十九歳の時かな、一度手塚先生の鬼子母神の並木ハウスに行ったことがあるの。
まだ先生は結婚してなかった。
そしたらピアノがあってね、もう緊張しちゃってさ。
手塚先生が、「何か食べて行け」と言うんですよ。「中華もあるぞ、蕎麦もあるぞ」とか。

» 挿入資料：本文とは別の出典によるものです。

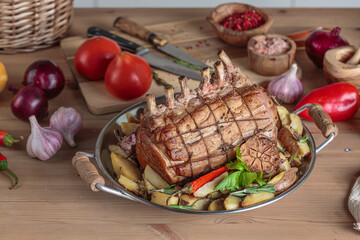 Roast Pork Loin with ribas and baked vegetables on kitchen table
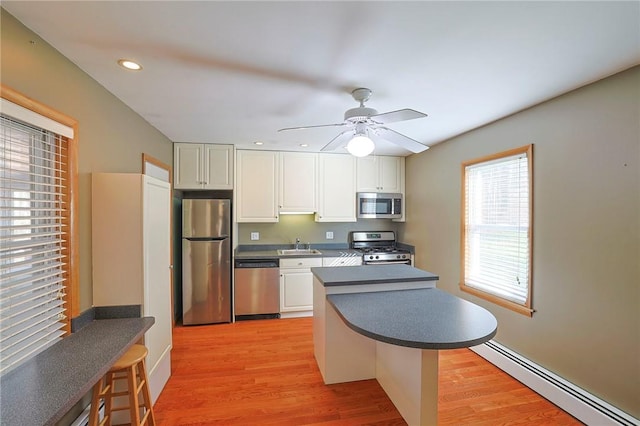 kitchen featuring appliances with stainless steel finishes, a breakfast bar, ceiling fan, a baseboard heating unit, and light hardwood / wood-style flooring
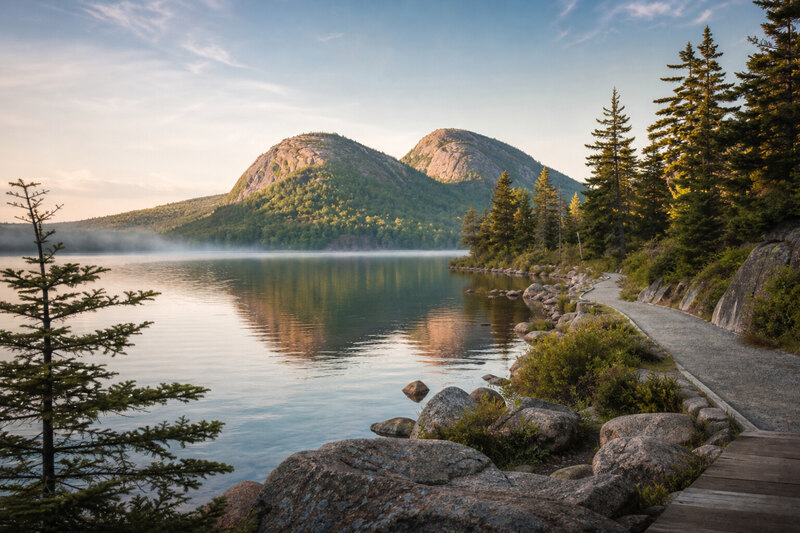 Jordan Pond trail with The Bubbles mountains reflected in water
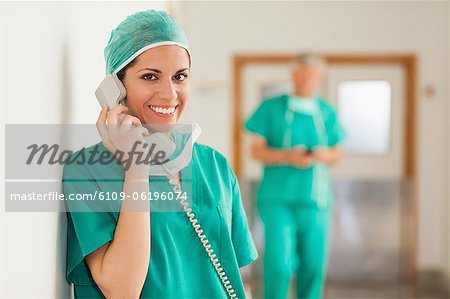 Smiling surgeon standing in a hallway while holding a phone
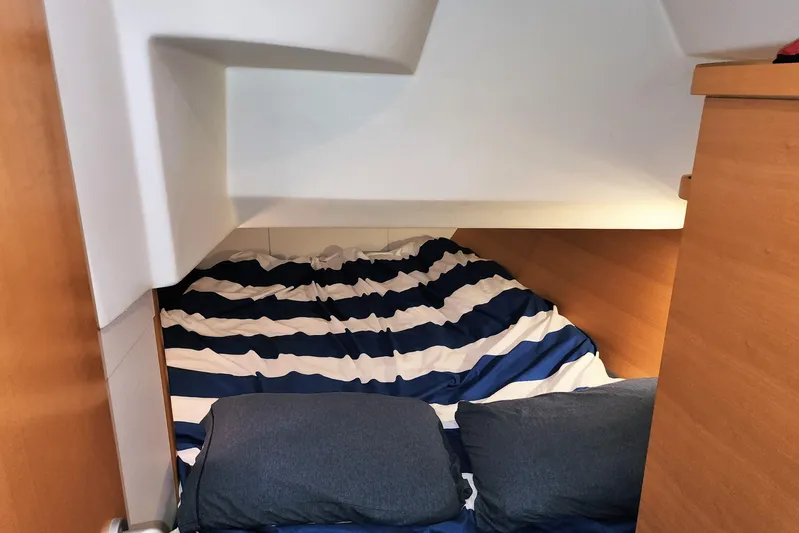 Danza Yacht Photos Pics Cozy cabin interior of 2007 Hanse 400e yacht with striped bedding and pillows.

「どうしてこの人、日本語を喋れるんだろう」と、おれ不思議に思った。
自分はね、手塚先生を神様だと思ってるわけだよ。
なんで中華料理とか蕎麦のことなんか知ってるんだろうと、不思議でしょうがなくてさ、
黙ってたんだよ。
だけど、もうぼくは漫画は描けないね。
酒飲んでると手はしっかりしているけど、細かい作業はできないし、飲まないと手が震えるし。
だから漫画はちょっとお休み。
おもしろいことをやってるんだよ、いま。
病院のベッドの上で座っていたら、
「あ、そうだよ。目が見えなくても、笑うやつがいるはずだ」って突然、思いついて
「盲人にも笑いを」と思ったの。
目の見えない人と目の見える人が、一緒に読める本というのを作っている。
銀座へ飲みに行くと、吉行淳之介と、星新一とか、小松左京とかみんないたんだよ。
それで「(バカボンの)パパとママは……」そういうことを聞くんだよ。
返事のしようがないじゃない。あれは、漫画です(笑)。